Novos Conceitos nas Regulações de Cosméticos

 

Robert Ross-Fichtner, Claire Robichaud, Layne L’Abbe, Dayna Lozon
Focal Point Research Inc., Mississauga, ON, Canadá

Histórico da Regulamentação de Cosméticos

Tecnologia Cruzada entre Categorias

Termos Antiquados colidem com a Realidade Moderna

Reforma Regulatória

Referências

artigo publicado na revista Cosmetics & Toiletries Brasil, Jan/Fev de 2017, Vol. 29 Nº1  (pág 56 a 58)

     Há alguns anos, uma reportagem mostrou que há uma lei vigente no estado de Dakota do Norte, nos Estados Unidos, que considera crime servir, em bares, cerveja e pretzels ao mesmo tempo.1 No estado de Missouri, nesse mesmo país, há uma lei antiga proibindo que alguém dirija em uma rodovia com um urso solto dentro do carro.1 Esses são exemplos de incontáveis leis promulgadas há algumas décadas e que, surpreendentemente, ainda estão vigentes.

     Igualmente, nos Estados Unidos, leis sobre cosméticos são antiquadas e lamentavelmente estão defasadas em relação à evolução da ciência, aos hábitos do consumidor e, principalmente, ao bom senso.

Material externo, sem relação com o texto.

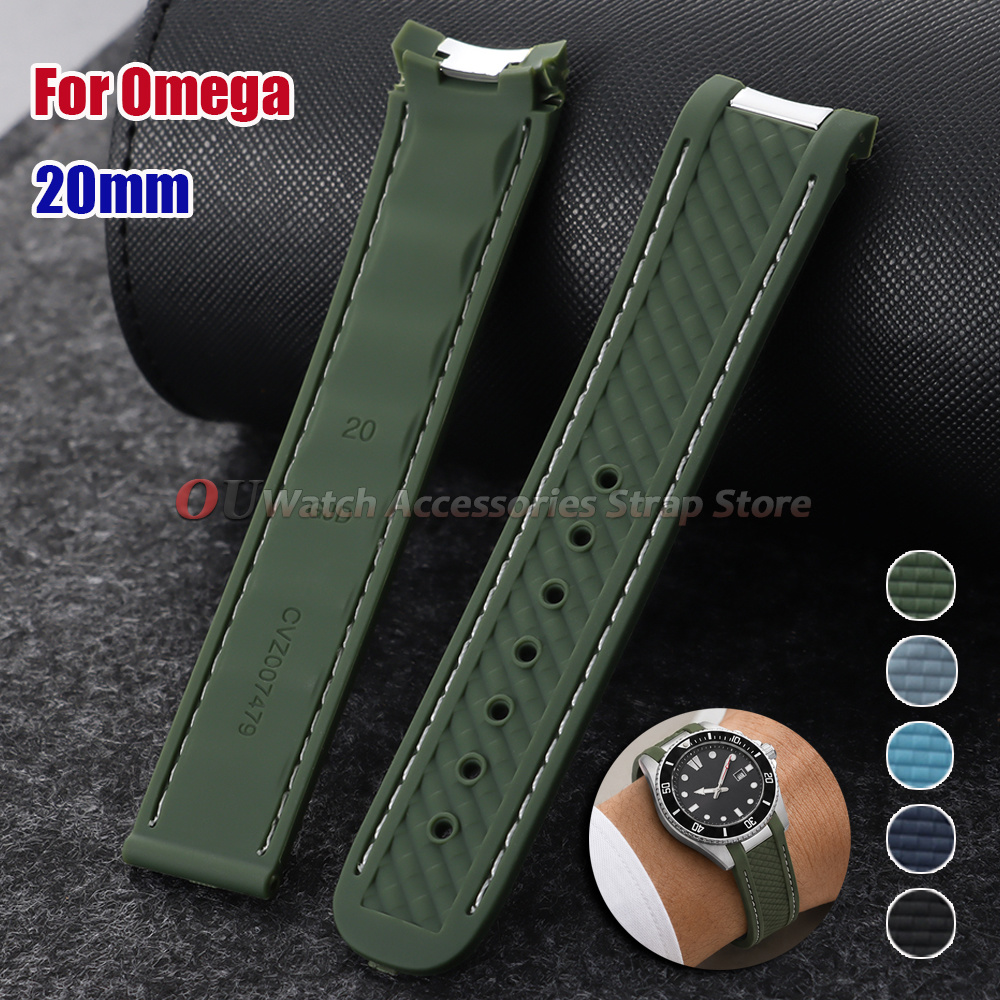 Изогнутый силиконовый ремешок  – обзор и цена Omega Watch Seamaster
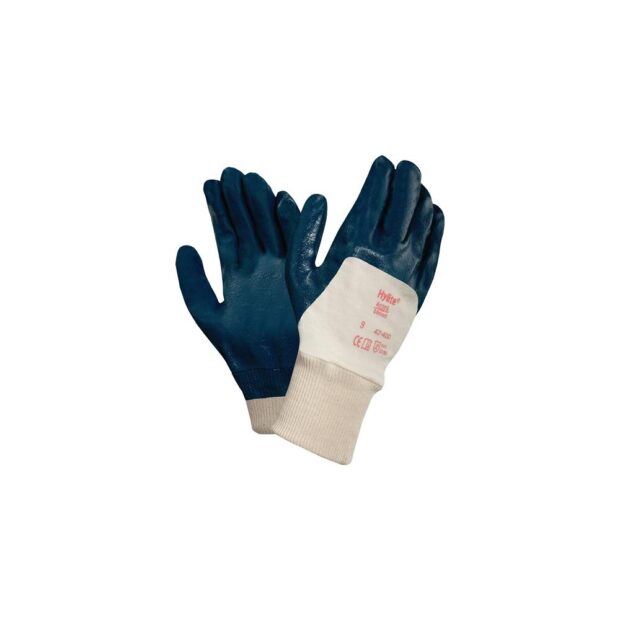 ANSELL Glove ActivArmr Hylite 47-400 size 10 white/blue Knitted lining with 3/4 nitrile EN 388 PPE category II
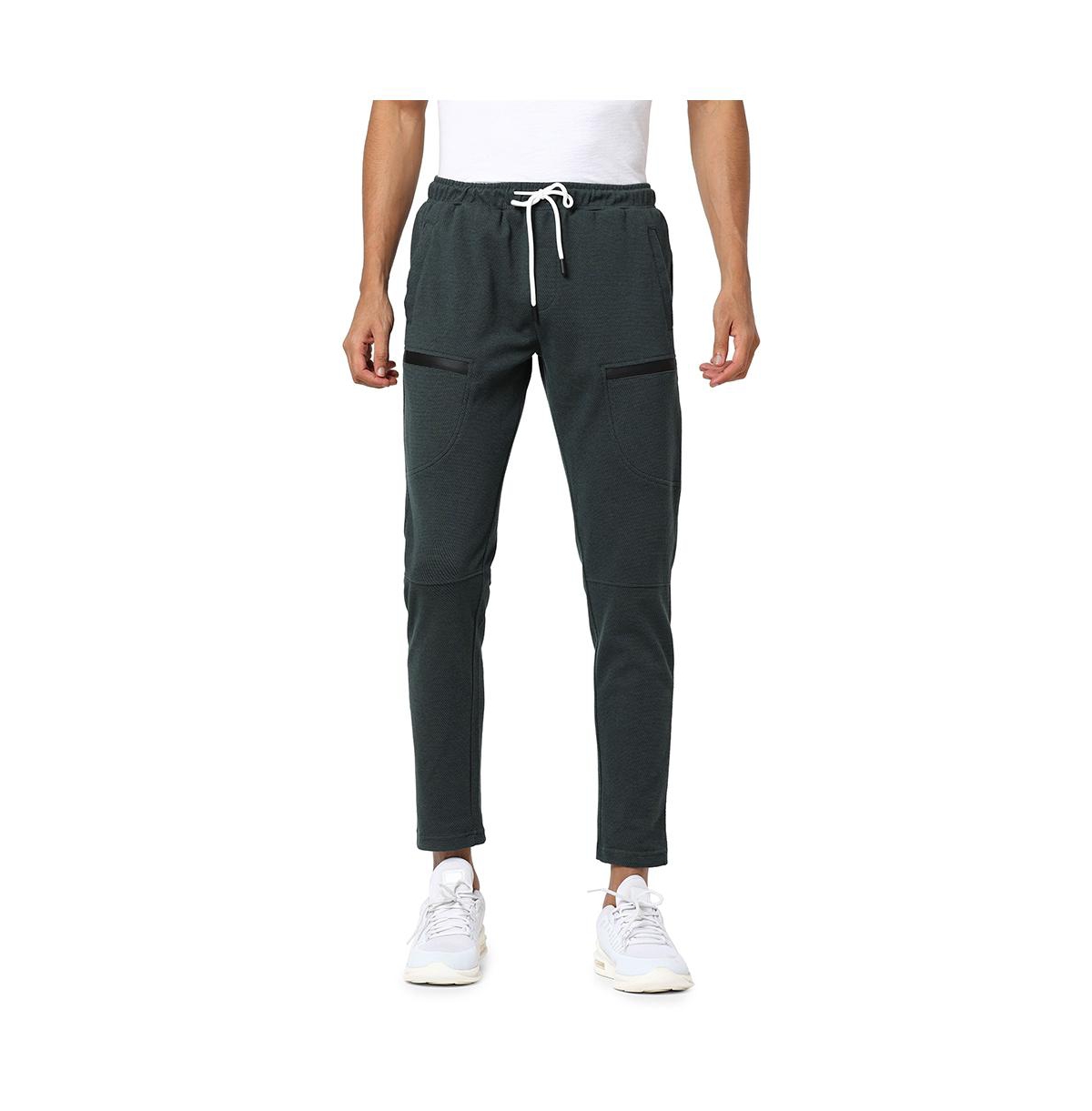 Campus Sutra Men's Forest Green Basic Casual Joggers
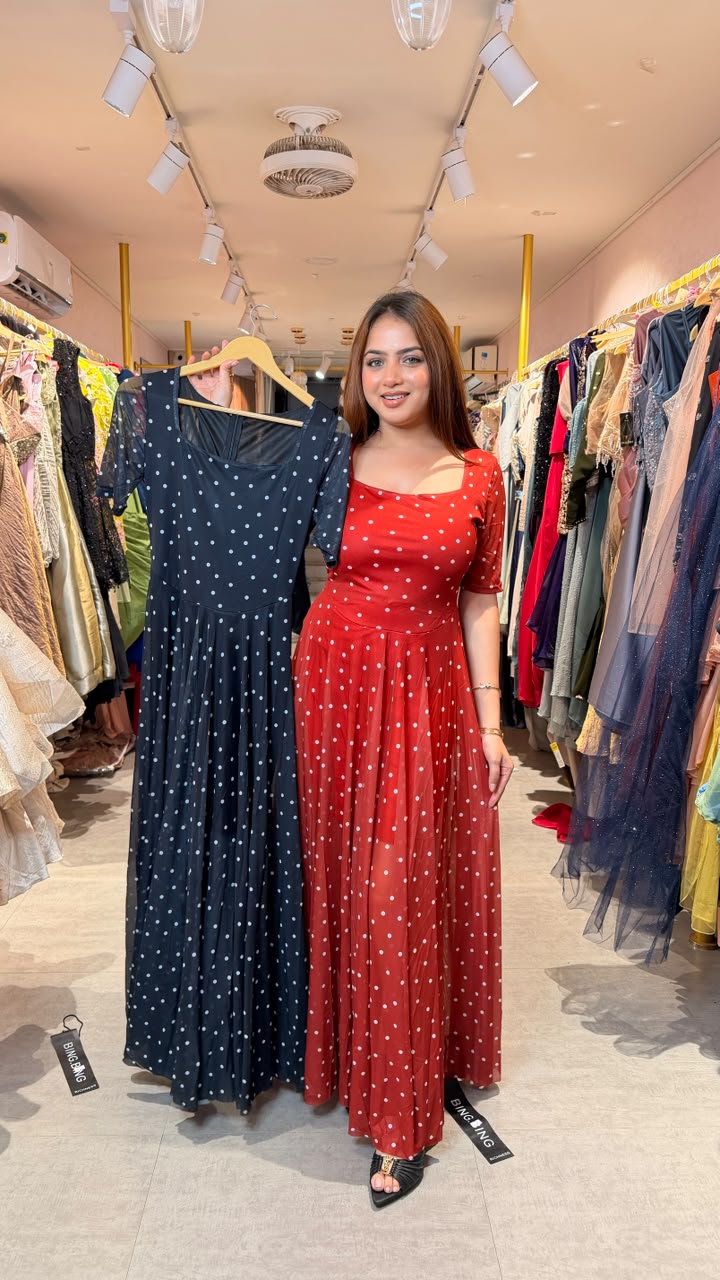 Polka Dot Mesh Maxi Dress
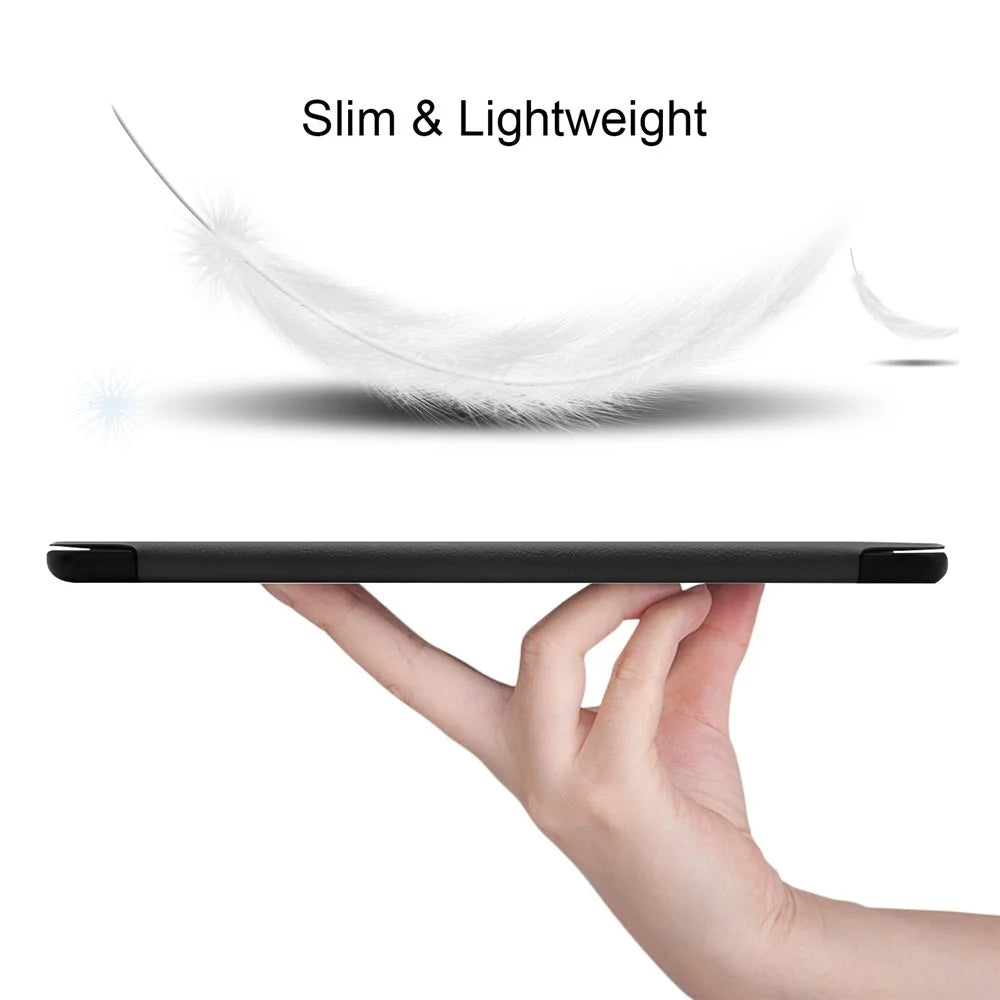 Slim Lightweight Stable Tri-fold Stand Stand PU Leather Protective Full Body Cover for Samsung Galaxy Tab S5e SM-T720 Protective Tablet Cover - Black - 2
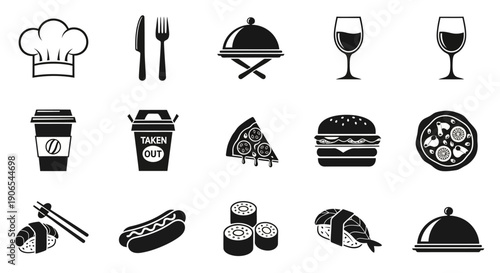 Minimalist monochrome icons of diverse food items and dining elements for restaurant menus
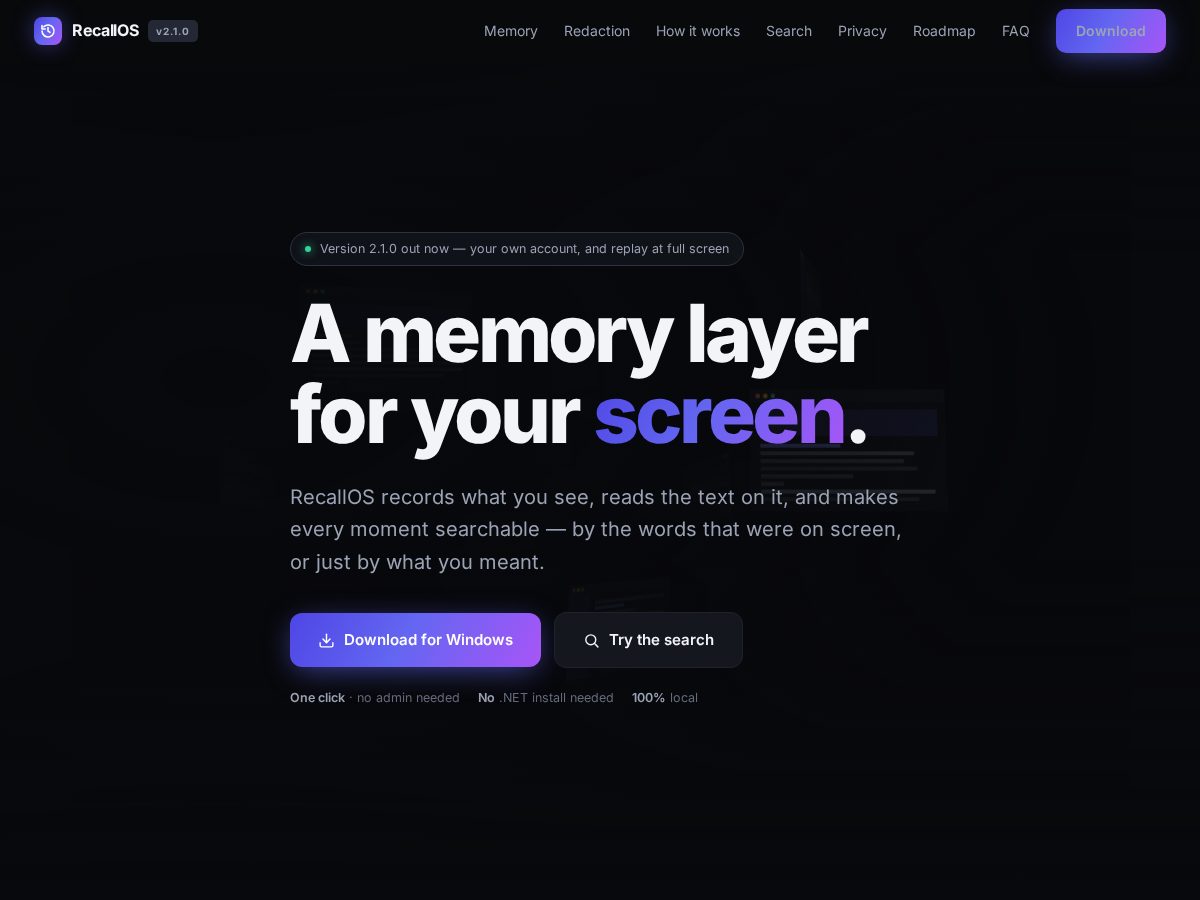 Landing-page snapshot of recallosai.com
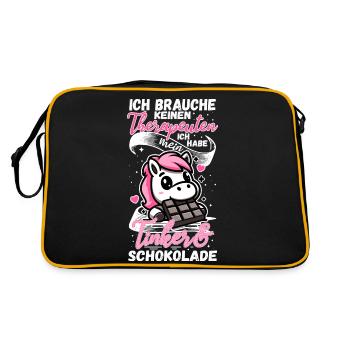 Funny Horse Saying Therapist Tinker Pony - Retro Bag - black/gold - Back
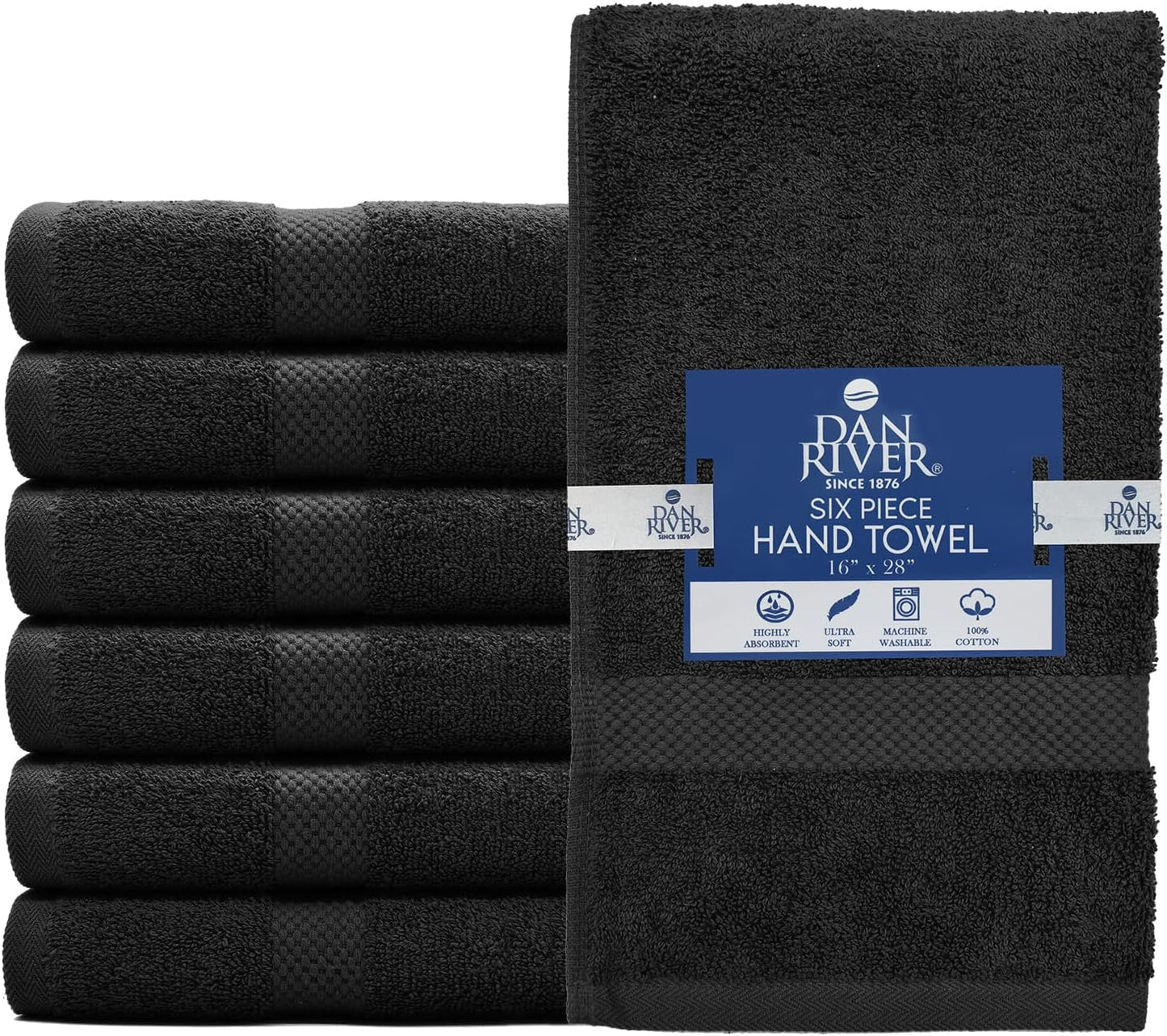 DAN RIVER 6-Pack Premium Hand Towels (16x28 Inches) - 100% Cotton, Ultra Soft, Lightweight, Highly Absorbent Towels for Bathroom, Spa, Gym, Salon, Hotel, and Travel - 550 GSM โ Black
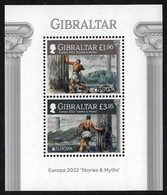 GIBRALTAR - EUROPA 2022 -"HISTORIAS Y MITOS".- HOJITA BLOQUE - 2022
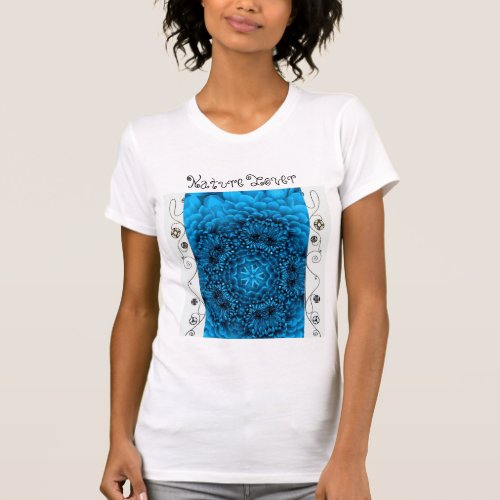 BLUE DAHLIA FLOWER Abstract Floral Nature Lover T_Shirt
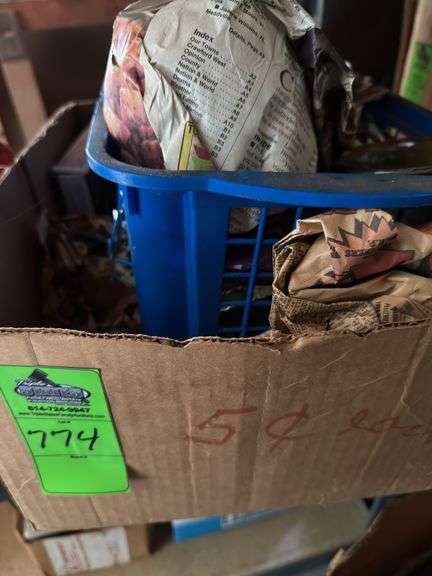 Assorted dishes, bin of rags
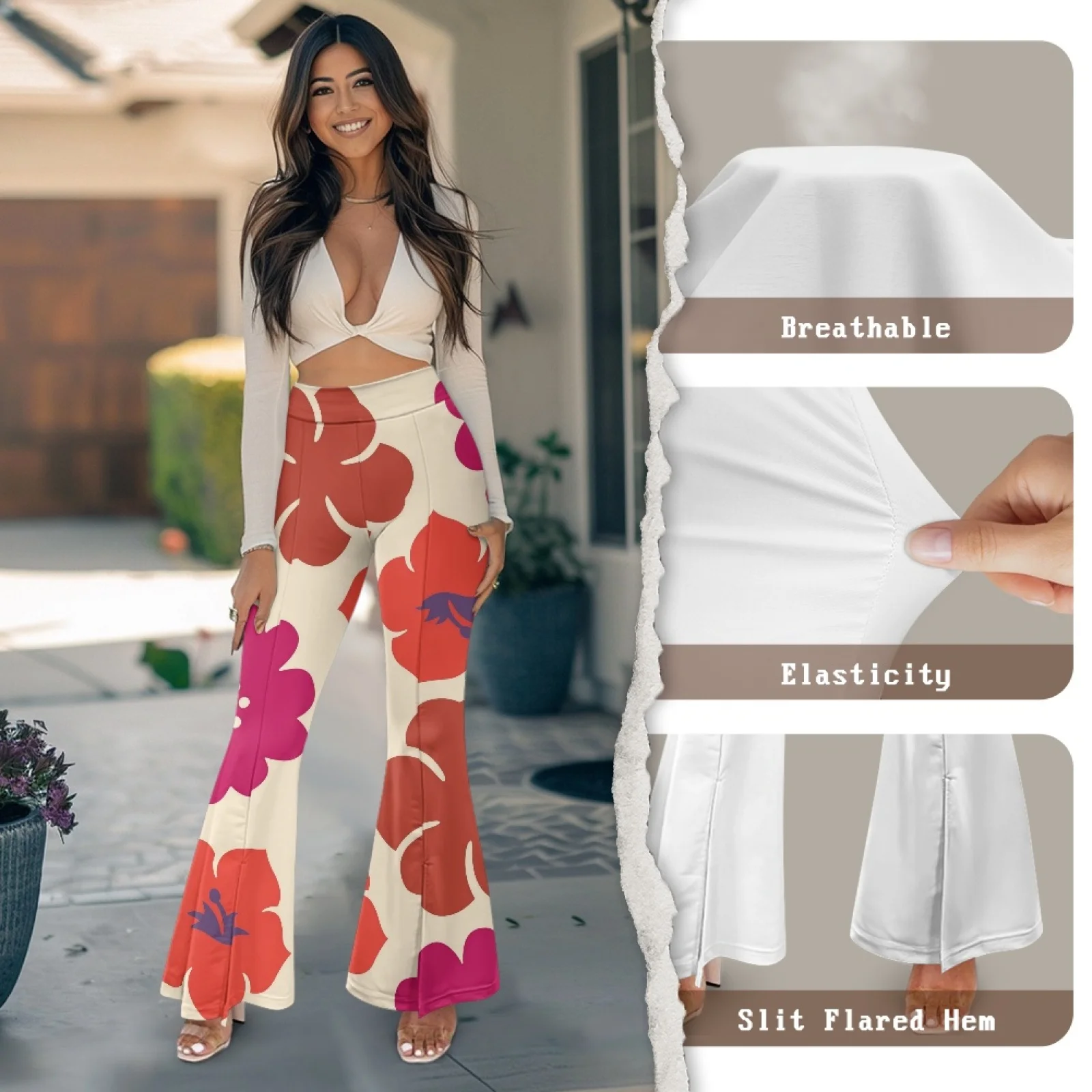 Sublimation Hibiscus Flowers High-waisted Flare Yoga Pants Leggings Loose Flare Pants Slit Yoga Leggings Casual Trousers Tights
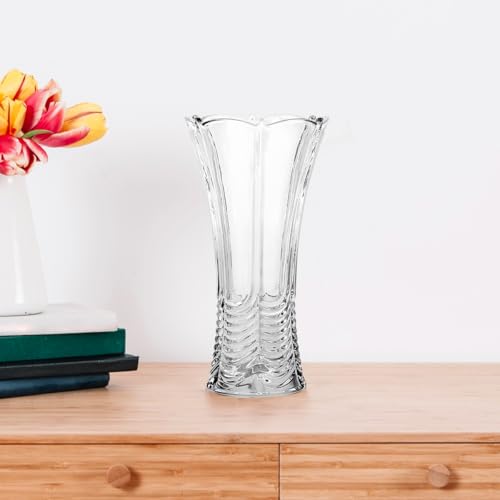 CS Crystal Vase 12-inch high, Water Ripple Design, for Flowers & Decor. Lovely Nice Shiny Piece. Perfect as a Gift, Suitable for All Occasions. - style: Water Ripple Design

Há grandes esforços para corrigir essa situação, mas será que isso é suficiente? A inovação constante vem gerando tecnologias cruzadas entre categorias, o que tem trazido muitos benefícios. Porém, a combinação de múltiplos benefícios em um mesmo frasco dificulta vender apenas “um cosmético” ao consumidor.

 

Histórico da Regulamentação de Cosméticos

     Promulgado em 1938, o U. S. Food Drug and Cosmetic Act é uma lei que regula os cosméticos nos Estados Unidos.2 Naquele ano, os estúdios cinematográficos MGM anunciavam que Judy Garland iria representar o papel de Dorothy no filme O mágico de Oz e a fábrica de automóveis Studebaker inaugurava uma nova unidade na cidade de Vernon, CA, e passaria a vender carros à população norte-americana — que contava então com apenas 130 milhões de habitantes.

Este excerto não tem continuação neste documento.